Russia acknowledged it has failed to finish construction by the deadline imposed in its 2008 lease, but argued Australia “affirmed” the agreement after that point “by its own conduct”.
“Thereafter the GRF [Russia] had a reasonable period of time to erect a building on the land,” lawyers for Russia claimed in Federal Court filings.
Russia points to a statement from the NCA in 2020 that it, “look[ed] forward to working with the [Ambassador] during the planning process”.
Russian occupation
A spokeswoman for the NCA said the Russian government would retain its occupation for the duration of the court case.
“There is a range of agreed conditions in place to protect the site and the Commonwealth from liabilities or loss,” the spokeswoman said.

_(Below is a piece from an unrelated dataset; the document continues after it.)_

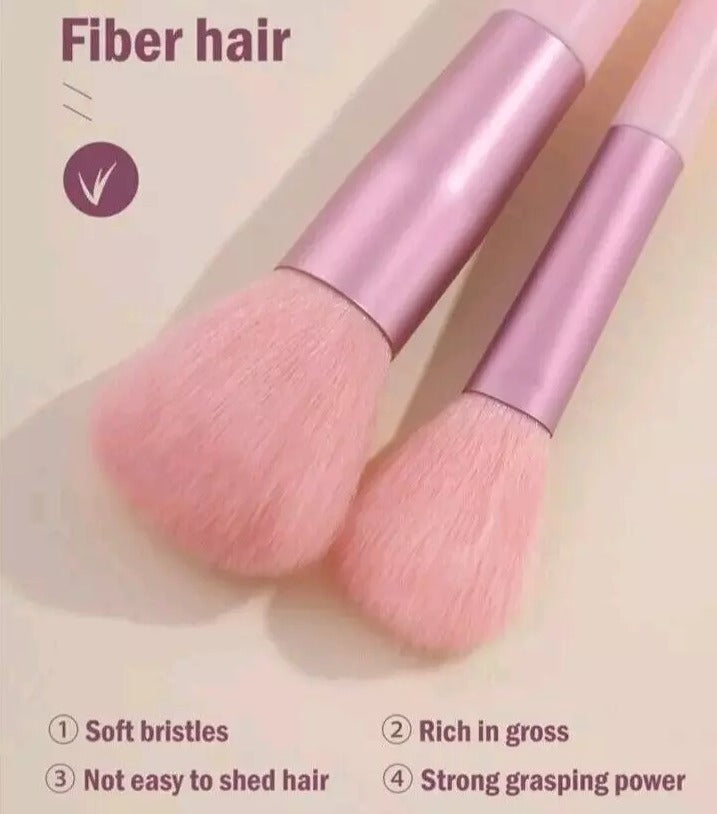 13-Piece Soft Fluffy Makeup Brush Set – Foundation, Blush & Powder Brushes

Plans for Russia to shift from its current embassy in Manuka and opposite a lively pub and a service station, to the leafy and prestigious surrounds of Yarralumla were first made in 1978 but have often been frustrated by politics and diplomacy.
Almost a decade on the issue had grown to a size that warranted prime ministerial attention.
When Bob Hawke made a trip to Moscow the items on his agenda included securing space for Australia’s diplomatic mission to that country, which had been held up as part of a niggling tit-for-tat dispute.
In articles published in the 1980s the late ANU Professor Des Ball identified the roof of the current Russian embassy as a hotbed of electronic surveillance activity.
The NCA has long been irked at the disuse of prime real estate by foreign governments such as Iran, but has not cancelled leases.
Kuwait advised in 2010 that construction had begun on its new diplomatic outpost. In 2019 it insisted it was very near completion.
Pakistan’s embassy was completed in 2016 after a 60-year delay.
Ukraine’s ambassador to Australia Vasyl Myroshnychenko had said he would seek to apply for the space after Russia’s lease was torn up.